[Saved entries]
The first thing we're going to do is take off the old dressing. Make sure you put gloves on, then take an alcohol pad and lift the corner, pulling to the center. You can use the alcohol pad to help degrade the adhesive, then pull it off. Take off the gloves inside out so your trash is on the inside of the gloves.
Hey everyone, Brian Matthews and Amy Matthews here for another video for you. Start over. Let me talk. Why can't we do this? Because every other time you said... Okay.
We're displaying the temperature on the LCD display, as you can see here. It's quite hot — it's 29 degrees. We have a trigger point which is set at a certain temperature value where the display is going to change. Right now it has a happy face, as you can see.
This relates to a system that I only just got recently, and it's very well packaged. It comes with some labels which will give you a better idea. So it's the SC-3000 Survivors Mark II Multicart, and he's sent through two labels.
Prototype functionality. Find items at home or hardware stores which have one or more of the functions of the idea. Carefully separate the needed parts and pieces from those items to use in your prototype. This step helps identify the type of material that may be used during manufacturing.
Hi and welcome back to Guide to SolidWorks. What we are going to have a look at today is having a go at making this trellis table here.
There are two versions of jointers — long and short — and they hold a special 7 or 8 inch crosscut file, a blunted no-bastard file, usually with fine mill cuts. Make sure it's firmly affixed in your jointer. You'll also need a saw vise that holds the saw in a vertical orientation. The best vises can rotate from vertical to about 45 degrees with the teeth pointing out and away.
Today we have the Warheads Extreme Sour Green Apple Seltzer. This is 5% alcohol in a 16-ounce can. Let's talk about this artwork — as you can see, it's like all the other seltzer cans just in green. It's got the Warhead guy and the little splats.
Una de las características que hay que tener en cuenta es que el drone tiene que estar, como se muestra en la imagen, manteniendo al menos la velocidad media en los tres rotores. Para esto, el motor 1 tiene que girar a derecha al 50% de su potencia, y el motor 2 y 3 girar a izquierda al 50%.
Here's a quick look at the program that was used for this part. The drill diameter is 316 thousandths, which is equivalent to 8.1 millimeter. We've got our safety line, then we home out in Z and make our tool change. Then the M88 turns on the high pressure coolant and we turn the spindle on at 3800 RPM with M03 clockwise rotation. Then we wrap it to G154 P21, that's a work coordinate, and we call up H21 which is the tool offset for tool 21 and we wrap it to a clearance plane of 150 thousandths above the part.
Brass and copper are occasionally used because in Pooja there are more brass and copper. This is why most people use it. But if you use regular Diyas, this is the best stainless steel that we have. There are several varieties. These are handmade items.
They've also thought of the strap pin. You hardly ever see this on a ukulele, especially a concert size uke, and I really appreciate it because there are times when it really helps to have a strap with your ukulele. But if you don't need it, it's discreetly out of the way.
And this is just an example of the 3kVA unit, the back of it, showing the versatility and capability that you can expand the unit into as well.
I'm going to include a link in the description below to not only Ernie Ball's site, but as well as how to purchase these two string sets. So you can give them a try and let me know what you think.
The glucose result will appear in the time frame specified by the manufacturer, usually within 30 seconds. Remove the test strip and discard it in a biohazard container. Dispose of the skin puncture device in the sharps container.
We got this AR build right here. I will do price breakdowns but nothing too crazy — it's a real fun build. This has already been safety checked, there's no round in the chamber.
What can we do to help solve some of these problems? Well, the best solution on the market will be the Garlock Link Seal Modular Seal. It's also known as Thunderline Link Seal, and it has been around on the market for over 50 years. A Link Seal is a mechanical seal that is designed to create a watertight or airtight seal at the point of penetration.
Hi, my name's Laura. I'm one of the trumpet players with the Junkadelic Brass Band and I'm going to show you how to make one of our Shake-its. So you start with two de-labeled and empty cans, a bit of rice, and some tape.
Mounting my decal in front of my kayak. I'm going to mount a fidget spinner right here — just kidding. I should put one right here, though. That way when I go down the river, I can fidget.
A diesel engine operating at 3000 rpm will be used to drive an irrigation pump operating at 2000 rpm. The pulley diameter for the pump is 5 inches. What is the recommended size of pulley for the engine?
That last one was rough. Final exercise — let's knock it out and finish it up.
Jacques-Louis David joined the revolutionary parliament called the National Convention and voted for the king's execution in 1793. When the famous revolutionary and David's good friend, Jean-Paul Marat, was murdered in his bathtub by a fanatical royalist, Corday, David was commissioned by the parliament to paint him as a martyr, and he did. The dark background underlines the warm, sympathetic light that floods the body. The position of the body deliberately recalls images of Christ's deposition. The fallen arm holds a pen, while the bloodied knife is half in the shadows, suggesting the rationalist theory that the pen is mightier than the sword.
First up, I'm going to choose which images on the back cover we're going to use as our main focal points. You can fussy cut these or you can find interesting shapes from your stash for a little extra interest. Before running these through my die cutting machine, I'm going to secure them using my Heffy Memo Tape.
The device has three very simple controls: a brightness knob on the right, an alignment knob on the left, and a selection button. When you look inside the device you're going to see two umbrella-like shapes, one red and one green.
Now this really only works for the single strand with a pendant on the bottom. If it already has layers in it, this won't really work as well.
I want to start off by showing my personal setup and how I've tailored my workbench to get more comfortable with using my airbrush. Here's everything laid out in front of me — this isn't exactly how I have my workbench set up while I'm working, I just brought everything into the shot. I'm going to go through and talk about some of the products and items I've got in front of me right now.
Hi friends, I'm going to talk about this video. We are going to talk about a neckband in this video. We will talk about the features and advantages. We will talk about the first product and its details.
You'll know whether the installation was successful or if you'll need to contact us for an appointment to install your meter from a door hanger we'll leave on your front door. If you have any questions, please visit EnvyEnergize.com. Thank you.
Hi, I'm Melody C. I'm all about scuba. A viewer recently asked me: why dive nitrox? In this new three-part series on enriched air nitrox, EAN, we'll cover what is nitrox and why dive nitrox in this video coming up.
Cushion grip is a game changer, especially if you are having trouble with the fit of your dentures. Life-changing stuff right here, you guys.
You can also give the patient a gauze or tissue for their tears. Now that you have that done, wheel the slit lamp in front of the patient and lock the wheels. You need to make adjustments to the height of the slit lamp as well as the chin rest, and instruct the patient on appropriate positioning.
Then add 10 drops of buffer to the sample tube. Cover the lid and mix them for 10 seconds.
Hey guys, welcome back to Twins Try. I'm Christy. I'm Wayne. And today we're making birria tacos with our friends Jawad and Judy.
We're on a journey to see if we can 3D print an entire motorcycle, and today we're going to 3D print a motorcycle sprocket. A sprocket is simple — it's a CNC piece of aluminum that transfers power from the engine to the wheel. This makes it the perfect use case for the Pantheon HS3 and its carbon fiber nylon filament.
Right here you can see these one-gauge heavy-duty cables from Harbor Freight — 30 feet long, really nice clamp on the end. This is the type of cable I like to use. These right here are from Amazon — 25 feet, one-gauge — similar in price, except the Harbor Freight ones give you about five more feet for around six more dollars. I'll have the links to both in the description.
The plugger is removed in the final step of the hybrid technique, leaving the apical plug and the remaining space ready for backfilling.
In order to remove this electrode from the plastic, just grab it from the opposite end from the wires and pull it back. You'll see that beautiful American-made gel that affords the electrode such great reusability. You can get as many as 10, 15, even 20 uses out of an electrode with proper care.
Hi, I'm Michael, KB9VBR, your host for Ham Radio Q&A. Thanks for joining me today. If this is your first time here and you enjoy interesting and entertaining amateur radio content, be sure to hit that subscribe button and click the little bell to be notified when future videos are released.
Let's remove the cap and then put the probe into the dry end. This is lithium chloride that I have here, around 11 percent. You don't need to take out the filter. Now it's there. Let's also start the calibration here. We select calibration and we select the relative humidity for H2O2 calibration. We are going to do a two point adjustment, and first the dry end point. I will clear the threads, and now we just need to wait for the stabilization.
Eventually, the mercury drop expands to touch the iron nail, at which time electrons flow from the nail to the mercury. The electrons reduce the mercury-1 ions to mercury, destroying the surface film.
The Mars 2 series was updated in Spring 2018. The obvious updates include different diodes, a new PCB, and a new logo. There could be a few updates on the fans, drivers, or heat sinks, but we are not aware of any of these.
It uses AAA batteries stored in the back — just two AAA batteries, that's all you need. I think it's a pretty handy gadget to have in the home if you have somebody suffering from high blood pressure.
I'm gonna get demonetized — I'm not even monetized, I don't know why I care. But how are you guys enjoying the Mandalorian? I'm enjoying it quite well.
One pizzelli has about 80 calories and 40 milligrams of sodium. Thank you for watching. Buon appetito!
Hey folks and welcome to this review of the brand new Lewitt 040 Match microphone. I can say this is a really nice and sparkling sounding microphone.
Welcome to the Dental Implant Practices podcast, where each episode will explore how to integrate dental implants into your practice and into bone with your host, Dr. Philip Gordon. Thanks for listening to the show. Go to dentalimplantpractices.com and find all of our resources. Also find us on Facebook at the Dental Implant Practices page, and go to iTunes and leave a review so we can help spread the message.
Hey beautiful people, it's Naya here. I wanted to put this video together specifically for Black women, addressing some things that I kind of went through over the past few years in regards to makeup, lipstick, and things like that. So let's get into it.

**What the task asks:** Wherever the line holding "Hi, I'm Melody" falls in the entries above, copy exactly from it through the line holding "Hey guys, welcome", inclusive, and add nothing.

**Exercise output:**
Hi, I'm Melody C. I'm all about scuba. A viewer recently asked me: why dive nitrox? In this new three-part series on enriched air nitrox, EAN, we'll cover what is nitrox and why dive nitrox in this video coming up.
Cushion grip is a game changer, especially if you are having trouble with the fit of your dentures. Life-changing stuff right here, you guys.
You can also give the patient a gauze or tissue for their tears. Now that you have that done, wheel the slit lamp in front of the patient and lock the wheels. You need to make adjustments to the height of the slit lamp as well as the chin rest, and instruct the patient on appropriate positioning.
Then add 10 drops of buffer to the sample tube. Cover the lid and mix them for 10 seconds.
Hey guys, welcome back to Twins Try. I'm Christy. I'm Wayne. And today we're making birria tacos with our friends Jawad and Judy.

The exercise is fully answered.